Re: [squid-users] Searching squid logs for pornographic sites

2008-06-12 Thread Ralf Hildebrandt
* Michel (M) <[EMAIL PROTECTED]>:

> but at the end this entire search might be useless since there is no
> guaranty that www.mynewbabyisborn.org is no porn and that www.butt.com is
> porn, or how do you catch www.m-y.d-i.c-k.a.t.microsoft.com ?

Exactly!!

> I abandoned all this keyword_stuff_searching long time ago because even if
> it would work the user still could use a fantasyproxy somewhere on port
> 42779 or a vpn as hamachi and then you do what?

Yep.

-- 
Ralf Hildebrandt (i.A. des IT-Zentrums) [EMAIL PROTECTED]
Charite - Universitätsmedizin BerlinTel.  +49 (0)30-450 570-155
Gemeinsame Einrichtung von FU- und HU-BerlinFax.  +49 (0)30-450 570-962
IT-Zentrum Standort CBF send no mail to [EMAIL PROTECTED]
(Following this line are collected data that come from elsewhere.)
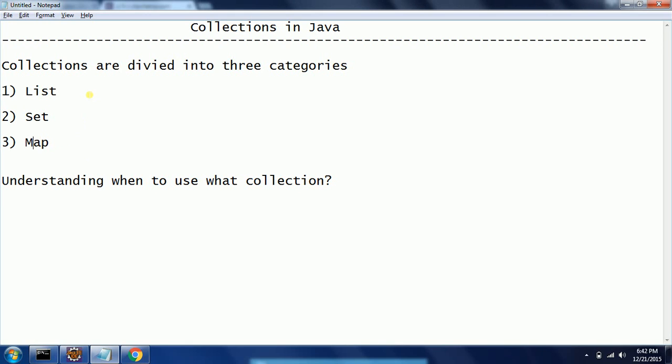First thing is List. List is used if you have a real-time scenario where you want to maintain the order of insertion. Then the best choice is List. For example, you have a thousand objects and you are fetching all those records from the database.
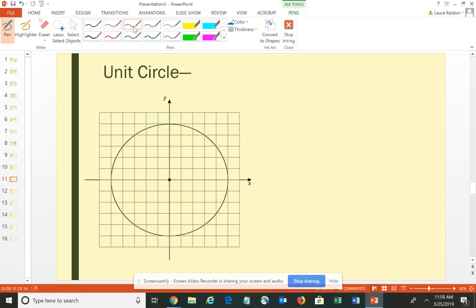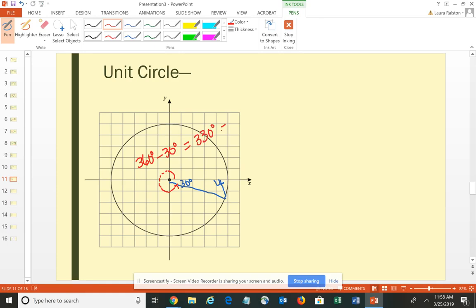Finally, rotating into the fourth quadrant: 360 − 30 = 330 degrees, or 11π/6. In the fourth quadrant, x is positive and y is negative, so the ordered pair is (√3/2, −1/2).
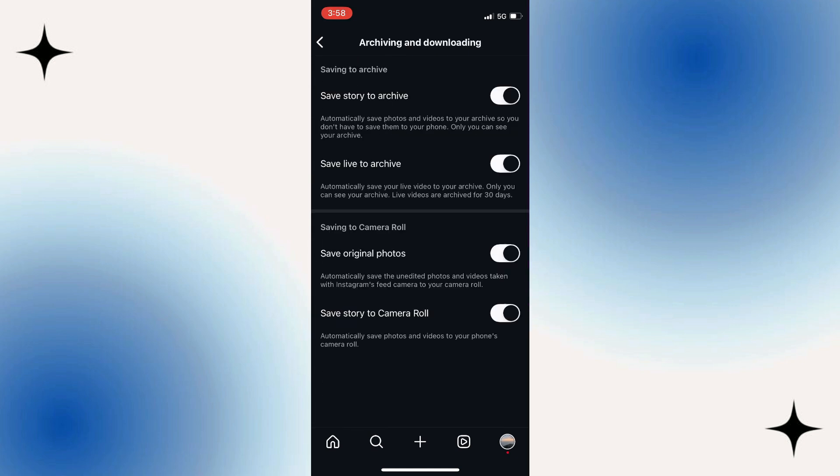Look for an option called save story to archive. If this setting is turned off, it could be why your highlights aren't functioning properly.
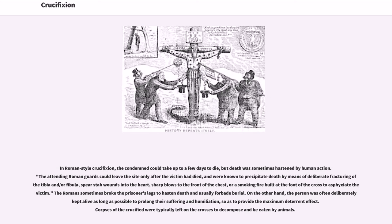In Roman-style crucifixion, the condemned could take up to a few days to die, but death was sometimes hastened by human action. The attending Roman guards could leave the site only after the victim had died, and were known to precipitate death by means of deliberate fracturing of the tibia or fibula, spear-stab wounds into the heart, sharp blows to the front of the chest, or a smoking fire built at the foot of the cross. The Romans sometimes broke the prisoner's legs to hasten death and usually forbade burial. Conversely, the person was often deliberately kept alive as long as possible to prolong suffering and humiliation. Corpses of the crucified were typically left on the crosses to decompose and be eaten by animals.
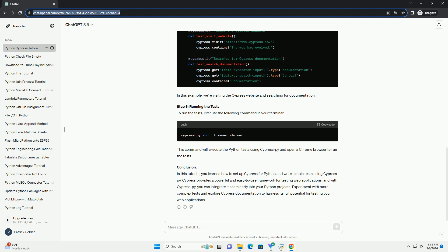Conclusion: In this tutorial, you learned how to set up Cypress for Python and write simple tests using CypressPy. Cypress provides a powerful and easy-to-use framework for testing web applications.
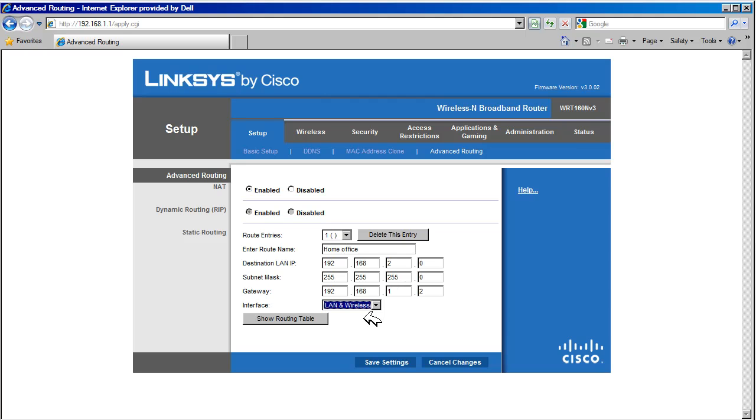Now we need to go and add our second network. Let's do that and save our configuration.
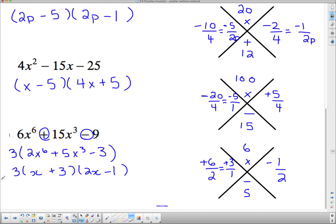And that is the bottoms up approach. If you like it, use it. If you're getting along quite well with the other method, don't worry about the bottoms up approach — it's just an alternate method because factoring is sometimes hard for people. If you like it use it; if not, keep doing what you're doing. And that's it for today.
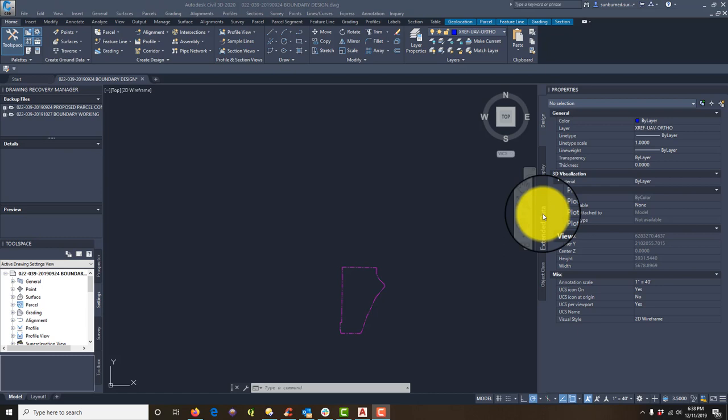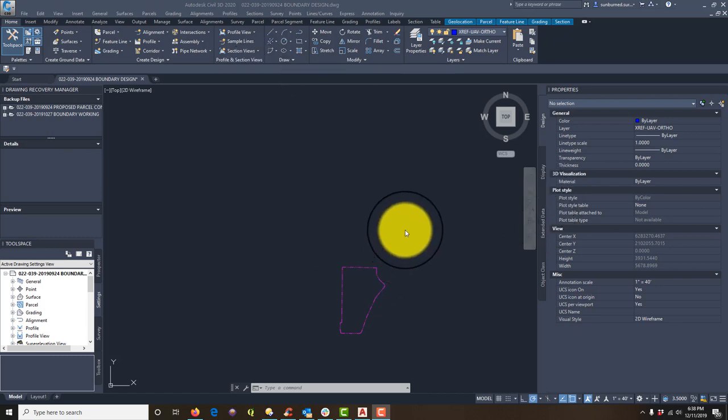Hey guys, it's Landon Blake from Redefine Horizons. I'm going to work on a set of videos that shows you how to prepare what I call a modern metes and bounds land description. I'll walk you through that process from start to finish. The very first part of that process is to create closure reports so that we can get the bearings and distances we need for our description - that's the metes part of a metes and bounds description.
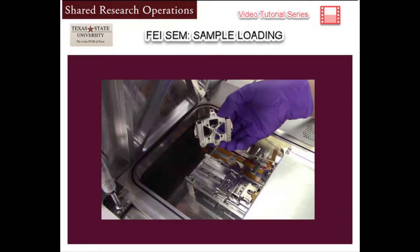Welcome to the SRO training video series. SRO supports the educational research and outreach missions of Texas State University.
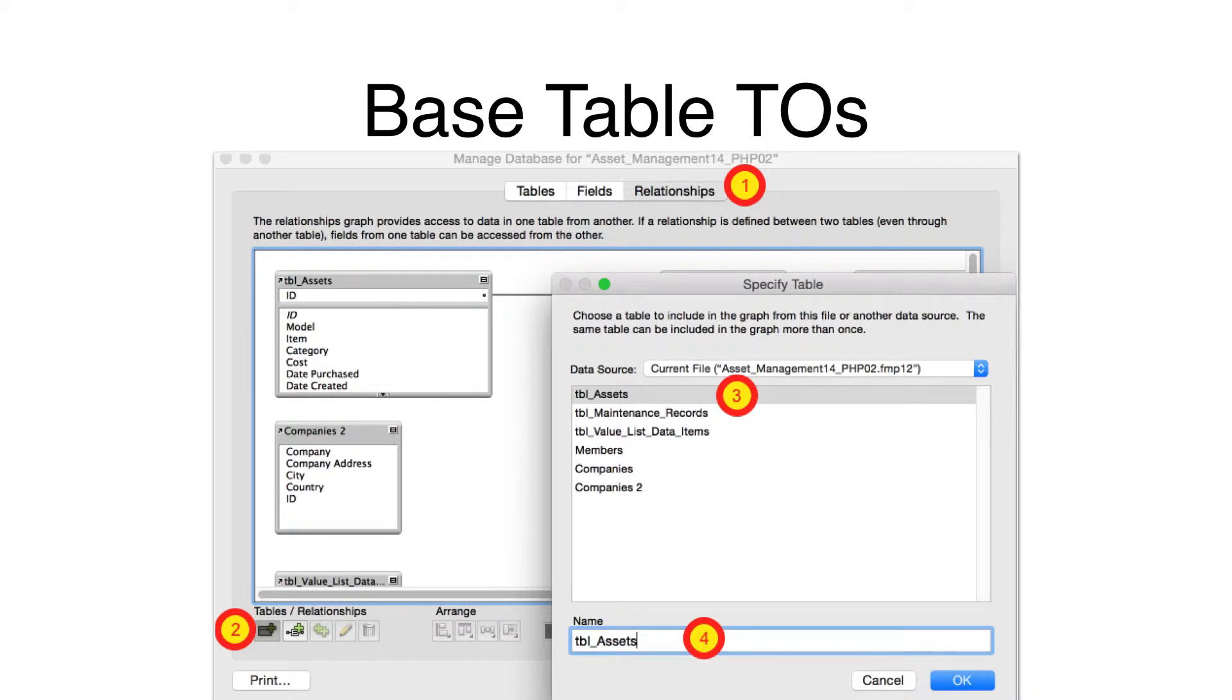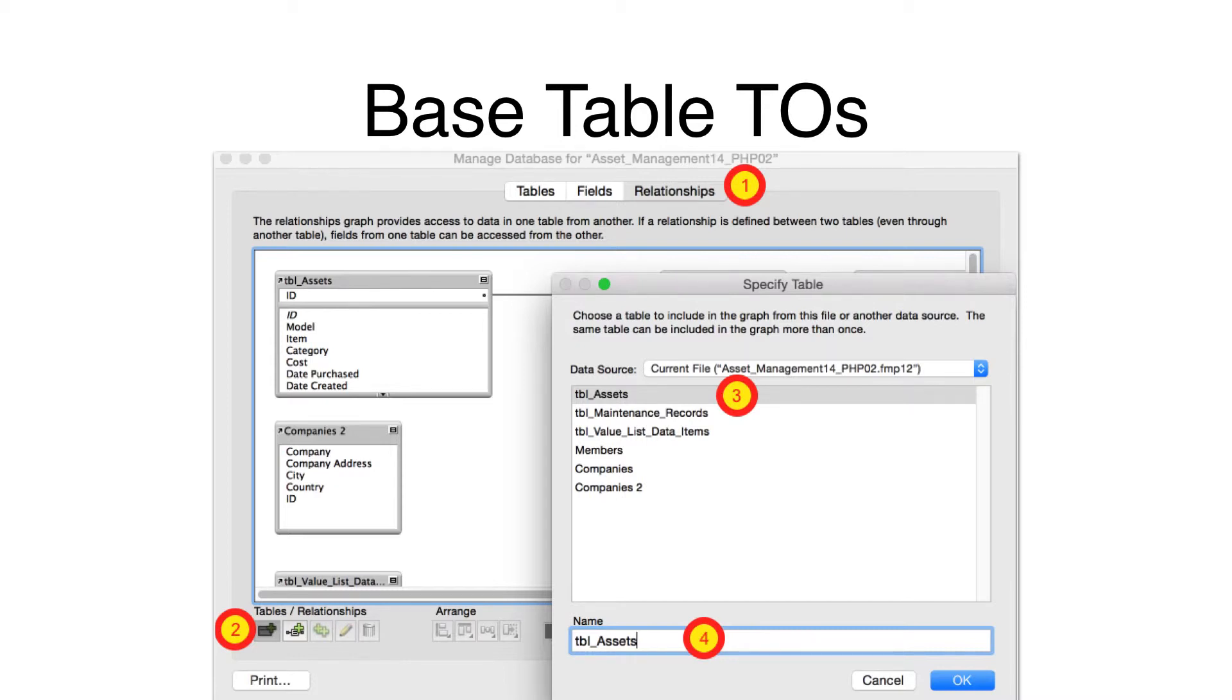To fix this problem, open the FileMaker Manage Database window. Click on the Relationships tab. Click the Create Table button. Select the name of the table. If the name of the new TO is exactly the same as the table name, click the OK button.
Re: [squid-users] Searching squid logs for pornographic sites

2008-06-12 Thread Michel (M)

Ralf Hildebrandt disse na ultima mensagem:
> * Rob Asher <[EMAIL PROTECTED]>:
>> Here's something similar to what you're already doing except comparing
>> to a file of "badwords" to look for in the URL's and then emailing you
>> the results.
>>
>> #!/bin/sh
>> # filter.sh
>> #
>> cd /path/to/filterscript
>> cat /var/log/squid/access.log | grep -if /path/to/filterscript/badwords
>> > hits.out
>
> Useless use of cat:
> grep -if /path/to/filterscript/badwords /var/log/squid/access.log >
> hits.out
>
>> /path/to/filterscript/wordfilter.gawk hits.out
>>
>> cat /path/to/filterscript/word-report | /bin/mail -s "URL Filter Report"
>> [EMAIL PROTECTED]
>
> Useless use of cat:
> /bin/mail -s "URL Filter Report" [EMAIL PROTECTED] <
> /path/to/filterscript/word-report
>

well, when you are doing optimizing do it entirely  :) - only one line:

grep arg file | $mail_cmd

then, if you awk the log and pipe the buffer into the mail_cmd you even do
not need to create files and delete them later, so you can have it all in
one line


but at the end this entire search might be useless since there is no
guaranty that www.mynewbabyisborn.org is no porn and that www.butt.com is
porn, or how do you catch www.m-y.d-i.c-k.a.t.microsoft.com ?
I abandoned all this keyword_stuff_searching long time ago because even if
it would work the user still could use a fantasyproxy somewhere on port
42779 or a vpn as hamachi and then you do what?


michel
...





Tecnologia Internet Matik http://info.matik.com.br
Sistemas Wireless para o Provedor Banda Larga
Hospedagem e Email personalizado - e claro, no Brasil.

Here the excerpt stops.